I've already mentioned the New Atheism, so as with some of these other early posts, best to have a "defining our terms" post.
I don't -- I wish it didn't need to be said, but it does -- have a problem with atheism. I have more common ground with some of the atheists I know than with most of the Christians I know. The writers and movement that have come to be called the New Atheism are another matter. The big names here are Richard Dawkins, previously best known for introducing the idea of the meme and favoring the gene-centered model of evolution over others; cognitive scientist and philosopher of science Daniel Dennett; and English-American journalist Christopher Hitchens.
Subjectively, one of the differences between the New Atheism and the atheism of Bertrand Russell, for instance, is that the New Atheism lacks a certain ... intellectual rigor.

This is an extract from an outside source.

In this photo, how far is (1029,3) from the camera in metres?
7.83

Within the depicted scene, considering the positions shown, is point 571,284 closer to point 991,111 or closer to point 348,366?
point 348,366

They don't do their research, is what I'm saying. Dawkins especially has been taken to task for showing little to no familiarity with religious studies, with the history of any particular religion, or with non-Western religions. New Atheists like to dismiss this sort of criticism -- "if we don't believe in any of it, what's the point in studying any of it?" -- but it's exactly the sort of thing that becomes relevant when they start going off about "all the wars religion has started." And it's not just religious content that the New Atheists show little to no familiarity with, but the social sciences in general. Furthermore, there's a clear difference between simply being unaware of the details, and purposefully supporting the conservative Christian agenda by painting fundamentalism and literalism as the purest forms of religion, while coincidentally being the easiest targets.
Objectively, a clear difference between New Atheism and earlier generations is the aggression, anger, and evangelizing associated with the New Atheists. It's pretty fair to paint this as a reaction to the rise in aggression on the part of conservative Christian elements, but New Atheism has also piggybacked on Islamophobia, both before and after 9/11, xenophobia in general, and white Anglo-Americans' hostility towards the cultural markers of others.
The average person is not impacted by New Atheism very much, not in ways we see without speeding up the film -- I think it's a further symptom of, more than a contributing cause to, the tendency of American religion in the last century to grow increasingly conservative as liberals participate less and less rather than fighting back. But certainly it presents nuisances in my work -- religious literacy is so low already, and the New Atheists certainly contribute to worsening it, and have made it virtually impossible to find decent discussions of religion among strangers.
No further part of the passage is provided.